The prophetic truth-teller, who is ignored or even persecuted, is a familiar image. That was the role of Jeremiah, whose lament we just listened to in our first reading. Violence and outrage is my message, he said. Maybe he shouldn’t have been so surprised that it got him derision and reproach all the day.

The reference to Jeremiah, reminds me of an academic conference I attended as a grad student sometime in the mid-1970s – again right about the time of the movie Jaws.  At question time, someone challenged one of the speakers whether he was sounding a bit too Jeremiah-like. The speaker responded with the reminder that, well, Jeremiah wasn’t just talking to hear his own voice, and that the problem he was warning about was real. Jeremiah wasn’t just talking to hear his own voice, but out of the greatest sense of urgency – like a fire burning in my heart, imprisoned in my bones, he said. I grow weary holding it in.
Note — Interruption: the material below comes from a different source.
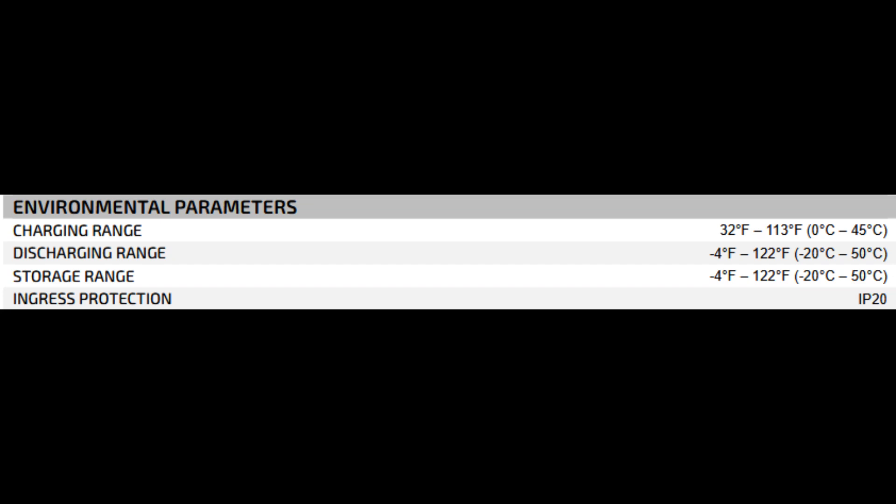Environmental parameters: charging range 32 degrees Fahrenheit to 113 degrees Fahrenheit. Discharging range minus 4 degrees Fahrenheit to 122 degrees Fahrenheit. Storage range minus 4 degrees Fahrenheit to 122 degrees Fahrenheit. Ingress protection IP20. You should only charge these above 32 degrees Fahrenheit. Charging lithium batteries below freezing can damage them. IP20 means they're not waterproof. They're intended for indoor, protected environments like a server rack or battery shed.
Jeremiah stood out because sadly there were also false prophets in ancient Israel, who supported the rulers regardless, with disastrous long-term consequences. They remind me of Chesterton’s famous warning:  “When someone concludes that any stick is good enough to beat his foe with—that is when he picks up a boomerang.”

We are now nine weeks away from a General Election – actually less than that for those of us who will be voting early or by mail.  What would Jeremiah say to our society?

The biblical view of the world, which inspired Jeremiah and other prophetic truth-tellers, highlights the essential solidarity of the human race. It reminds us, for example, how in the beginning God entrusted the earth and its resources to the common stewardship of all, an original gift to all, which no private claim can do away with. Thus, Pope Francis, when he spoke to Congress just five years ago, described “the tireless and demanding pursuit of the common good” as “the chief aim of all politics.”   Such solidarity is at the heart of a Catholic conception of life. It means more than just some vague feeling of caring about other people. “It is,” as Saint John Paul II said, “a firm and persevering determination to commit oneself to the common good; that is to say to the good of all and of each individual, because we are all really responsible for all.” [Sollicitudo Rei Socialis, 38.]

Election year inevitably focuses our attention on Washington. But we need not look so far to find challenges to solidarity and to our commitment to the common good. The pandemic we have been living through this year has certainly done that. It has both tested our sense of solidarity and, sadly, illustrated how fragile is our commitment to the common good. Medical science suggests, for example, that, if everyone wore a mask all the time, the spread of infection would be radically reduced, and we would be able to resume many of the normal activities this pandemic has so brutally interrupted. And yet how many people resist doing something so simple as wearing a mask all the time?

As Pope Francis has reminded us, “we are related to all our brothers and sisters, for whom we are responsible and with whom we act in solidarity. Lacking this relationship, we would be less human. We see, then, how indifference represents a menace to the human family.” [Message for 49th World Day of Prayer for Peace, January 1, 2016]

The example of Peter in today’s Gospel illustrates how easy it is to get it all wrong. The apostles, after all, were Jesus’s closest collaborators, those he had handpicked to be his Church’s first bishops. But, when it came to understanding what was most important for Jesus, they got it wrong – a warning for all of us, how easy it is to think not as God does.

Homily for the 22nd Sunday in Ordinary Time, Immaculate Conception Church, Knoxville, TN, August 30, 2020.